Lot had a magnificent, if barbaric, blond moustache, and his right hand parted his moustache and then twirled each end, a habit that was sometimes imitated behind his back. ‘Need to ride,’ he said in Sakje. ‘My nephew worries me.’
Kineas shrugged. ‘Nephew?’ he asked, wondering which of the many Sauromatae or even Sakje counted as his nephew.
‘My wife’s sister’s son. My heir. He worries me.’ Lot stared out over the sea of grass as if he could see the man riding in the distance. ‘Never thought to be gone so long.’ Lot looked chagrined. ‘Didn’t know the sea of grass was so big. ’
Kineas raised a hand to forestall him. Lot had done his share — far more than his share — to win the victory at the Ford of the River God. Since that day, Lot had never ceased to press the Sakje and the Greeks to follow him east, where his tribe and the others of the Massagetae confederacy — the eastern Sakje — were hard pressed by Alexander. And the five days of waiting at Olbia was making him edgy.
‘Patience,’ Kineas said. ‘Today we mourn our dead.’
Lot bowed his head. Then he waved to his own nobles, who began to file out into the column. Niceas had kept a space for them — they were aliens, but they were allies, and with Ataelus’s little troop of prodromoi, they represented the whole realm of the Sakje out on the sea of grass.
A realm that might now be an enemy of Olbia. Kineas shook his head to clear it, because this was the day of mourning, and politics would have to wait.
Helladius, now chief priest of Apollo, joined him. Helladius was an old and very conservative priest, but he had held his ground in the phalanx. Memnon had noted that the old fool had ended the battle in the front rank and done his part.

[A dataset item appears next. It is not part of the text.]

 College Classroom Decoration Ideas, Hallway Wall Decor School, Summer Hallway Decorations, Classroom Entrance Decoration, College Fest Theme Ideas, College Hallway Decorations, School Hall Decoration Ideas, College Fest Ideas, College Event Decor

‘You will lead the procession?’ Helladius asked.
Kineas shook his head. ‘No. We will return to the ways of the city before the tyrant came. The priests of Apollo will lead, followed by the hippeis and allies and the phalanx, and then Cleitus’s body and his honour guard. I will ride with them.’

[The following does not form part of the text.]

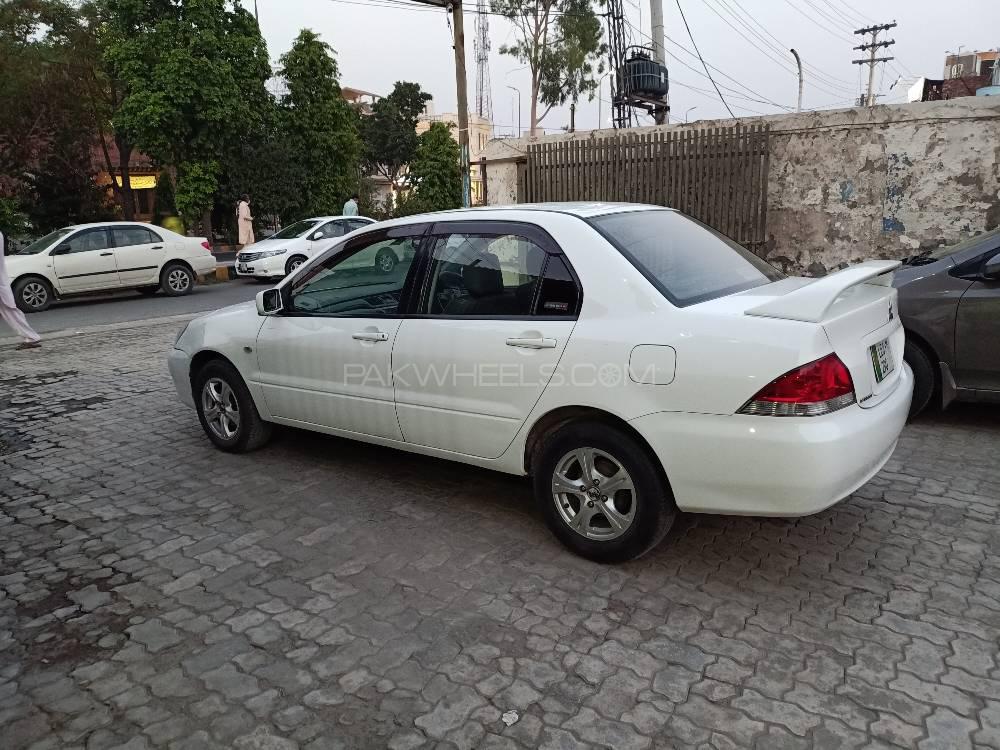 Mitsubishi Lancer 2006 for Sale in Lahore Mitsubishi Lancer 2006 for Sale in Lahore Image-9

Helladius nodded. ‘The god smiles on you, Archon,’ he said. ‘I have interpreted the omens for you all summer, and I say that you are beloved of all the gods, but of Apollo and Athena most of all.’
Kineas narrowly avoided a cynical reply. Hubris was never becoming, and Helladius was not a sanctimonious fool. Or not entirely. ‘Thank you,’ he said carefully.
The funeral procession marched on time, because the army had a summer of campaigning behind it. The priests sang, and the phalanx caught the tune and sang with them, scandalizing the younger priests who had not served with the army. And then, as the procession entered the gates, Helladius began the paean, and all the soldiers took it up, thousands of throats straining to praise Apollo, the same chant that had settled their nerves in the last seconds before the Macedonian charge. Dolphins of gold rose on either side of the gate, and the temple of Apollo was visible at the end of the long street of the gods, and still the paean lifted to the heavens with its song of reverence and victory. Kineas found that he could not sing for the tears in his throat, and when he turned his horse to see the column he could see that many men were weeping openly as they sang, and yet the power of the paean waxed as if all the missing voices were there too, and for a moment the distinction between the world and… the world blurred and Kineas heard Ajax beside him, his pure voice full of pride, and Nicomedes’ harsh croak in his ear, and Agis, who so revered the god, and many others.